Sou um piano afetivo. Minha memória sensorial retém tanto
melodias doces e arpejos esfuziantes quanto desempenhos trôpegos e experiências
acidentadas. Conheço bem a minha senhora e sou fiel a ela. Gosto quando suas
mãos passarinham sobre o meu teclado, quando ela se atreve a exaurir minhas
cordas num exercício de mil ritornelos. Não faço música sozinho. Só emito sons
quando bolinado. Posso ir do pp ao FF dentro dum mesmo compasso, manter a
pulsação ou vacilar no tempo, mas sempre conforme as oscilações que ela imprime
à vida dela, à minha vida, à nossa.
Aprendi a amar essa criatura que geralmente não me dá a
atenção que mereço, mas que de repente aparece para me descobrir e estimular
sorrisos em meus incisivos de marfim. Somos unidos desde qualquer antes e para
qualquer sempre. Sou-lhe instrumento, sim, mas tenho também o meu poder como
piano de estimação: é diante de mim que amiúde ela se prostra.
Estamos juntos há um tempo considerável. Ela ainda era
menina de 13 para 14 anos quando me plantaram na sala do sobrado. Fui um
presente dado pelo pai e pela mãe dela, adquirido num período instável, de
turbulências financeiras. Oferenda singular e extravagante. Ela se surpreendeu
quando me viu lá no canto, madeira lustrosa, porte imponente de Fritz Dobbert,
todinho pra ela, todinho dela. “E agora? Vou ter de estudar de verdade?” —
pensou. “Que lindo. Será que eu mereço?” — disse.
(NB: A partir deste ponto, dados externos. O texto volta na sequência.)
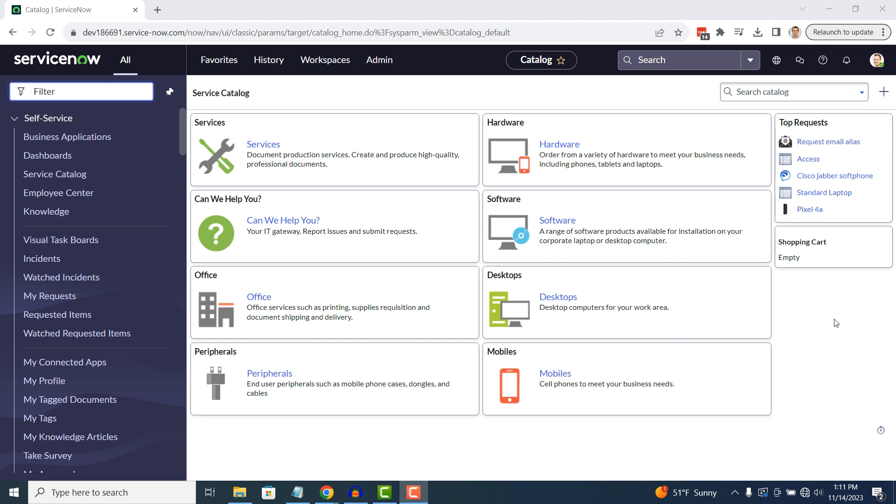To get started, open up ServiceNow. In today's example, I'm going to hide the Consumables module from the Application Navigator.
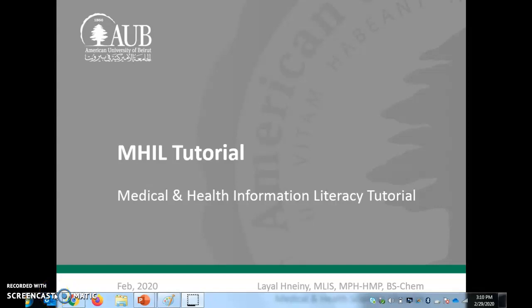Welcome to the Medical and Health Information Literacy Tutorial. This is Lael Hnaini from Saam Medical Library.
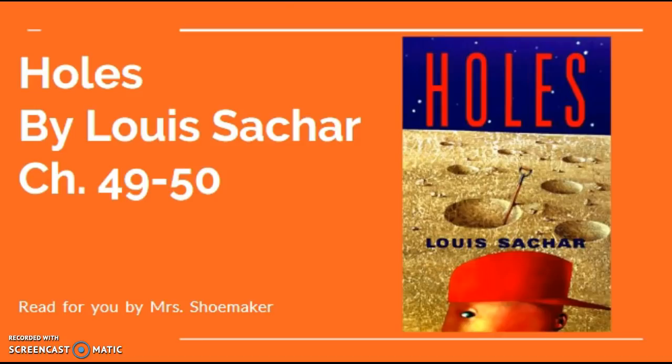Holes by Louis Sachar, chapter 49 through 50, read for you by Mrs. Shoemaker.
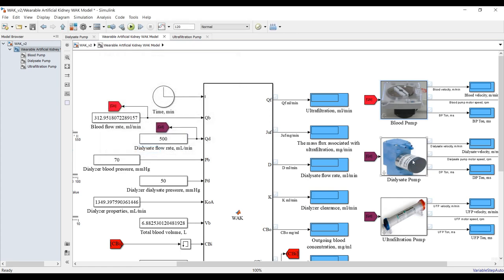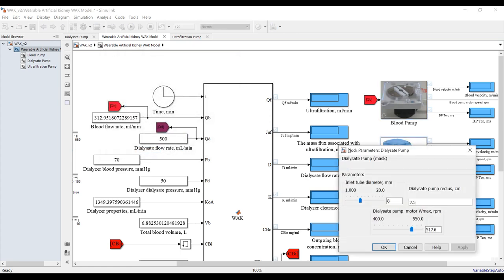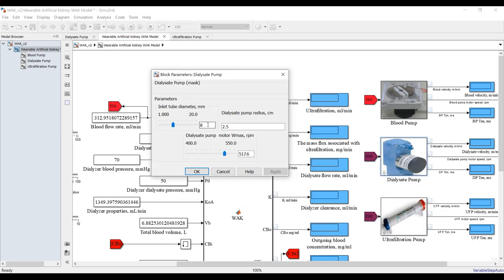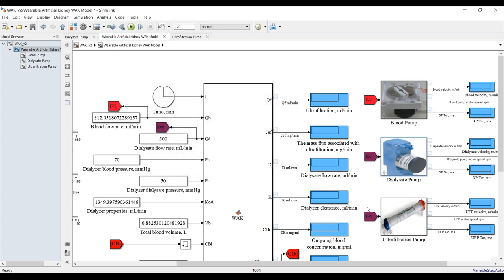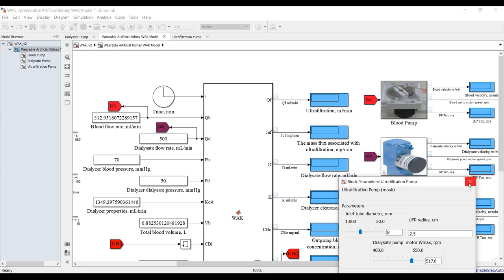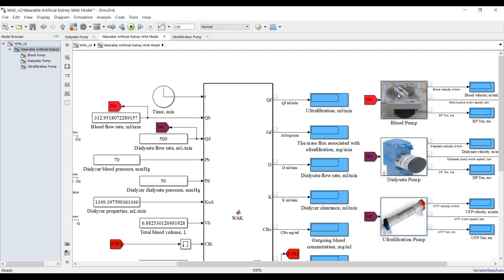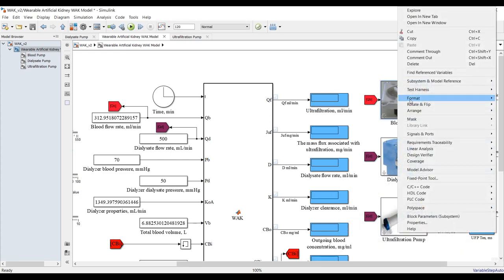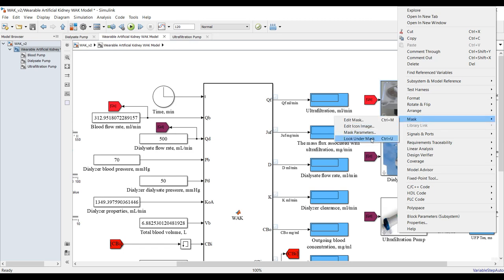You can control these parameters. The same applies for the dialysis pump — we have specifications for the bump radius, tube diameter, and motor maximum RPM. The same goes for ultrafiltration. You can right-click and go to the mask, or look under the mask.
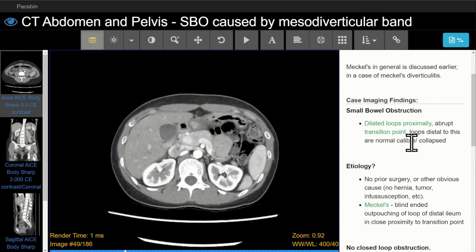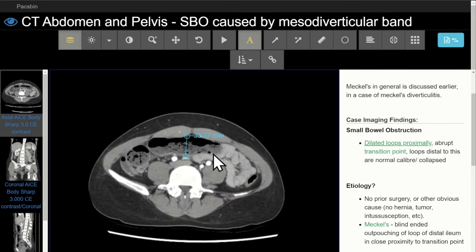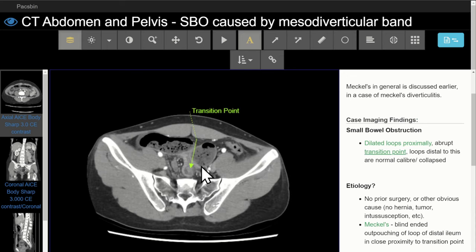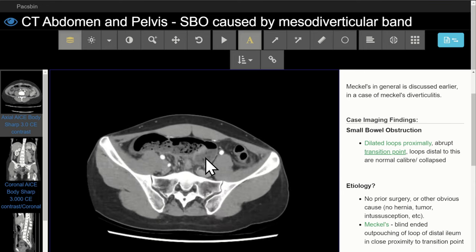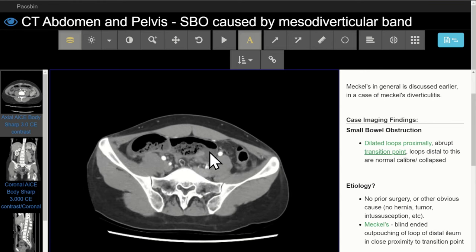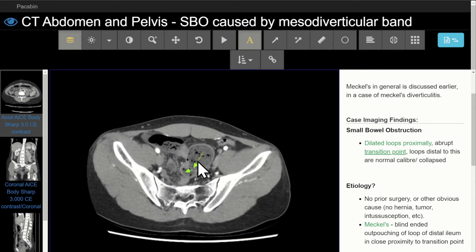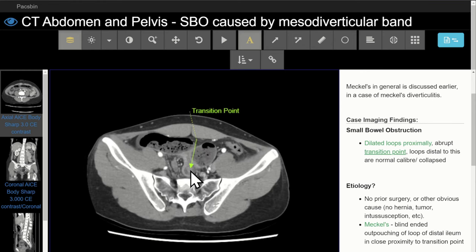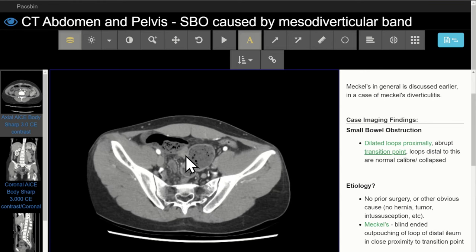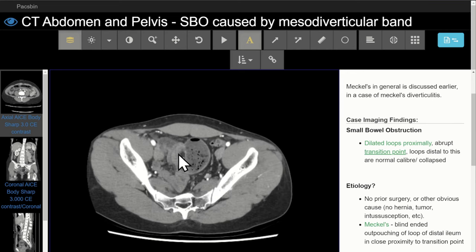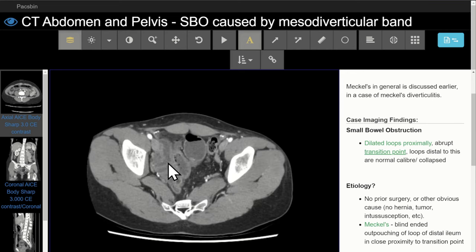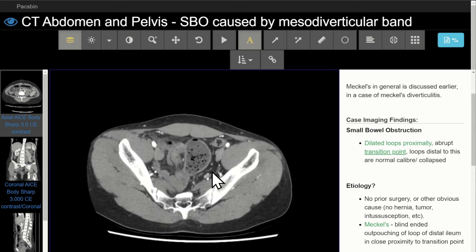First, is there a small bowel obstruction? Again, we have dilated loops of small bowel proximally up to 3.3 centimeters. We have an abrupt transition point indicated here — you can see dilated loops proximally, the bowel turns this corner, the bowel loop remains dilated, with arrows indicating the direction of flow from proximal to distal. Then as it turns this corner, we have a transition point and the small bowel is now completely collapsed, normal caliber. The findings are in keeping with a small bowel obstruction.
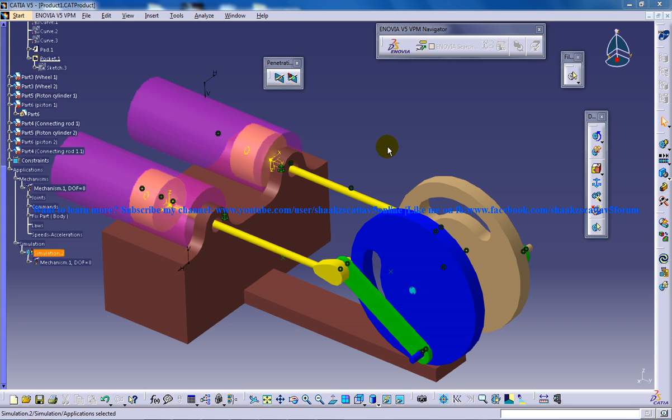Hi, this is Mohammed Shakeel here and you're watching an engine being designed in the power design workbench and a combination of generative shape design. It's being brought to the DMU Kinematics workbench for a simulation.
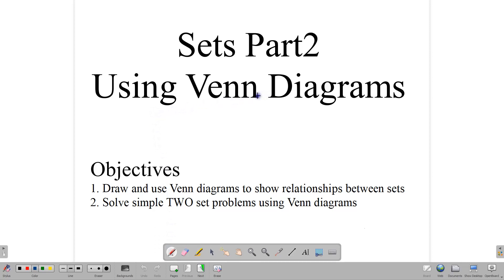Hello, everyone. Welcome back to our video class here at CSEC Math Tutor. We are looking at the second part of our Introduction to Sets lesson, and we are going to be focused on Venn diagrams for this lesson. Our objectives are to draw and use Venn diagrams to show relationships between sets, and to solve simple two-set problems using Venn diagrams.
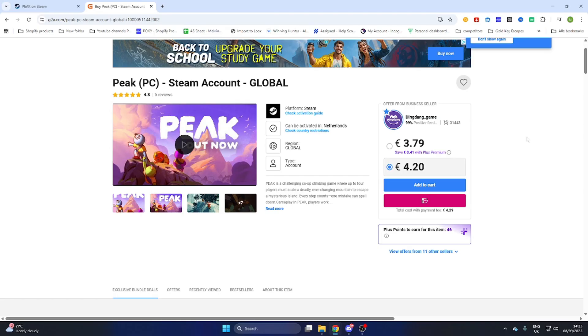After you have purchased this game then you will receive an email confirmation with all the steps to follow including the new login credentials for your new Steam account.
De lá pra cá, ela já deu uma boa melhorada na técnica e
interpretação, mas nunca chegou ao virtuosismo que almejei. Vez ou outra
consegue tirar um som bonito num estudo de Chopin, mas logo engasga na escala
descendente da mão esquerda. Não venceu a dificuldade das oitavas nem dos
acordes cheios. Mistura o canto com o acompanhamento. A postura das mãos ainda
não é favorável. Titubeia na dinâmica e nunca chega ao andamento exigido. Apresenta
músicas com sujeirinhas que não se limpam. E o pior: não faz nada de ouvido,
não compõe nada, não reproduz nem MPB, toca sempre apoiada na bengala da
partitura. Tem até um bom repertório, mas com capacidade de memorização nula,
coitada.
Há pianos que formam estrelas. (Vocês devem ter visto o
vídeo do Elton John e seu primeiro piano — https://www.youtube.com/watch….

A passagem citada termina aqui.